Monday 19 November 2018

Miki Kashtan: Restoring Flow and Natural Abundance

In this third part of her blog series, Miki Kashtan continues to explore how we can share resources in ways that encourage connection and are based on empathy.  She describes her experience of the challenges and the joys of working in this way.  

Recently, I’ve been to Mexico City, leading three back-to-back workshops on topics of collaboration, leadership, and social transformation. It was clear to me that I would want to engage in a Financial Co-Responsibility process with the organizing team along the lines described in my previous post.

Central to what Dominic teaches about the Financial Co-Responsibility process is that we develop its specific forms locally, based on a system of agreements between all involved. When gleaned from what works in our local contexts, this supports a positive mutual influencing of the conditions in which we live, and our iterative efforts evolve the process over time. In this first iteration in Mexico, what I invited my colleagues into was based on years of experimenting with various forms of gift economy, most recently specifically influenced by Dominic’s approach. One of the limitations is that my local colleagues and I didn’t actually develop a system together; I was simply asking them to accept a process that I’ve used previously in other contexts, which then began to be organically adapted, as you will see below.

The organizing team accepted, with exquisite grace, my invitation to this experiment, without having previously done anything like it.
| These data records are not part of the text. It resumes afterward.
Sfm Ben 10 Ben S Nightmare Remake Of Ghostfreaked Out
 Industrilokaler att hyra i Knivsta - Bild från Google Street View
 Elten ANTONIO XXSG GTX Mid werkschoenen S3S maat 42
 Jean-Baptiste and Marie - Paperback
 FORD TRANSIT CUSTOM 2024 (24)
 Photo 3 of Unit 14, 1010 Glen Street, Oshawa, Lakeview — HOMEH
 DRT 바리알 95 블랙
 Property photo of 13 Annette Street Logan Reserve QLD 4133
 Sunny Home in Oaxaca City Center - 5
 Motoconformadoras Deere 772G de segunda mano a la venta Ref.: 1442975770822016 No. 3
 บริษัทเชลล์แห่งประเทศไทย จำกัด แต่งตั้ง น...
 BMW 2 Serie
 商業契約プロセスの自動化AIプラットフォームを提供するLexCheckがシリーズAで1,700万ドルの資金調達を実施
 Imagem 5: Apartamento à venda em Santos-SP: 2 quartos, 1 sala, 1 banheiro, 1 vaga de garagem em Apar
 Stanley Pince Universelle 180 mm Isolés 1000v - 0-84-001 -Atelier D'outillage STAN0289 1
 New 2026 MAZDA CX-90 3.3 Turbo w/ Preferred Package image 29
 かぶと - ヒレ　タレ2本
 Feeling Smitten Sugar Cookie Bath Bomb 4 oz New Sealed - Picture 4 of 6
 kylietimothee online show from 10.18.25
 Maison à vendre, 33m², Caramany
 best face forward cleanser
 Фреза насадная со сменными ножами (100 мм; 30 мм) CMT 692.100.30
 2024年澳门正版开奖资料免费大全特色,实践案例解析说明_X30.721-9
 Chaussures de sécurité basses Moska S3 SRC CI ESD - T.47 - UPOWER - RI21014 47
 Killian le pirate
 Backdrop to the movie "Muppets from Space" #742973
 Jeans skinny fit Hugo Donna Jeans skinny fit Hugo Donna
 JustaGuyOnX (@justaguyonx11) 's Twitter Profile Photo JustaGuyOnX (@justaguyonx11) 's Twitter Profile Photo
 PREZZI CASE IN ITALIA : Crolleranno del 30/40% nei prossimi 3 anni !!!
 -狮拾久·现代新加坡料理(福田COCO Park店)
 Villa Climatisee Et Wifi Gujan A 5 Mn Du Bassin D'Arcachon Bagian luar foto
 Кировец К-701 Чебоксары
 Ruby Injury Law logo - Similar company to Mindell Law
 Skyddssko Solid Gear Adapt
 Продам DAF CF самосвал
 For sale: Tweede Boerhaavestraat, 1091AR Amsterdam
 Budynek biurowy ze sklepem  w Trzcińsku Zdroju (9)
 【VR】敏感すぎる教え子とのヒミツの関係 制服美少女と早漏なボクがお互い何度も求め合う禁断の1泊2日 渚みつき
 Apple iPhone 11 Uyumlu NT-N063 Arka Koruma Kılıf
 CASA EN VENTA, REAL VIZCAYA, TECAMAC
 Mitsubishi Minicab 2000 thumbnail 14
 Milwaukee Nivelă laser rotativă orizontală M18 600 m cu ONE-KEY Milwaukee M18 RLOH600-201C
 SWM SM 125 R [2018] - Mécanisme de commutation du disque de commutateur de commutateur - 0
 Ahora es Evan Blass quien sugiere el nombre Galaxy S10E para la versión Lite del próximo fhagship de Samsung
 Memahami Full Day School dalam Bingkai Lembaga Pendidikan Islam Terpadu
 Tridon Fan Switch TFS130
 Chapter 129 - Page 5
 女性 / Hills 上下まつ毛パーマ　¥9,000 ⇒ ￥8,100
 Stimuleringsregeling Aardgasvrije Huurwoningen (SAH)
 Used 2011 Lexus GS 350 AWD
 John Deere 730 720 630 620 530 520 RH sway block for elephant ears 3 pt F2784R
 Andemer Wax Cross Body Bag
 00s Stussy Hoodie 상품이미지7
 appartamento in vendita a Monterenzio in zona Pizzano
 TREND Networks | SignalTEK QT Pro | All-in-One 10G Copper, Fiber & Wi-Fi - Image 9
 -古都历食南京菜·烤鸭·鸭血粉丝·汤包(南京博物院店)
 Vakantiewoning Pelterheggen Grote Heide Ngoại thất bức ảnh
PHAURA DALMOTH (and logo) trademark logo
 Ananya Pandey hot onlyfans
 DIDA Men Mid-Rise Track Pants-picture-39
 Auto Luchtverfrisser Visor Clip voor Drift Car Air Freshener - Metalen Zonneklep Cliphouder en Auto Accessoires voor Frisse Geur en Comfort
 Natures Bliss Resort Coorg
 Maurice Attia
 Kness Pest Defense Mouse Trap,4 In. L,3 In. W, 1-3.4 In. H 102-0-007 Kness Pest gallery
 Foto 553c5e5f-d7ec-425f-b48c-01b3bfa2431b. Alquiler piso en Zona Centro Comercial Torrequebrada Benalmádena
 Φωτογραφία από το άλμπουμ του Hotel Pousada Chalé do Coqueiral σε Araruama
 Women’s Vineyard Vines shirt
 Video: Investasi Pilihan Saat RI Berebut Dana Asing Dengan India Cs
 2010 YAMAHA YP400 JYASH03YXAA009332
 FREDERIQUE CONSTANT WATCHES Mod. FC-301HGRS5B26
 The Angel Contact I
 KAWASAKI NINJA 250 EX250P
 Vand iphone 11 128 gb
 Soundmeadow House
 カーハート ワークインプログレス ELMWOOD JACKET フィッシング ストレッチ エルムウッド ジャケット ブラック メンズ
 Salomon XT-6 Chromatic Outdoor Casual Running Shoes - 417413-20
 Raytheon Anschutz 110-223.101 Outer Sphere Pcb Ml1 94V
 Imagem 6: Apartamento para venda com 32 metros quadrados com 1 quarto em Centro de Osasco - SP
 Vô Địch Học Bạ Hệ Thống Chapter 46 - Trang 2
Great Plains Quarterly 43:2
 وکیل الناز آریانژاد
They went on blind faith.

They told me later that they worked about 4 times as hard as they would have if they’d been organizing the event using the familiar transactional way. They decided what their limits of risk were and operated fully within them, asking most people to pay equally for the basic costs because it was too much risk for them. Even for this part, they did invite some people to come without paying for their food and space rental share.

Had I known how much stress the organizers lovingly accepted, I might have halted the experiment, much to everyone’s loss, because so much was made possible on account of their willingness, and then that of the entire group. First, about 20 of the 110 or so people who participated in the events were women from several Latin American countries working with marginalized or vulnerable communities. Would they have come if there had been a fixed price? It seems unlikely. Then, the entire experience of collecting and distributing money was a small taste of what the world could be like if nonviolent principles were applied globally to economics.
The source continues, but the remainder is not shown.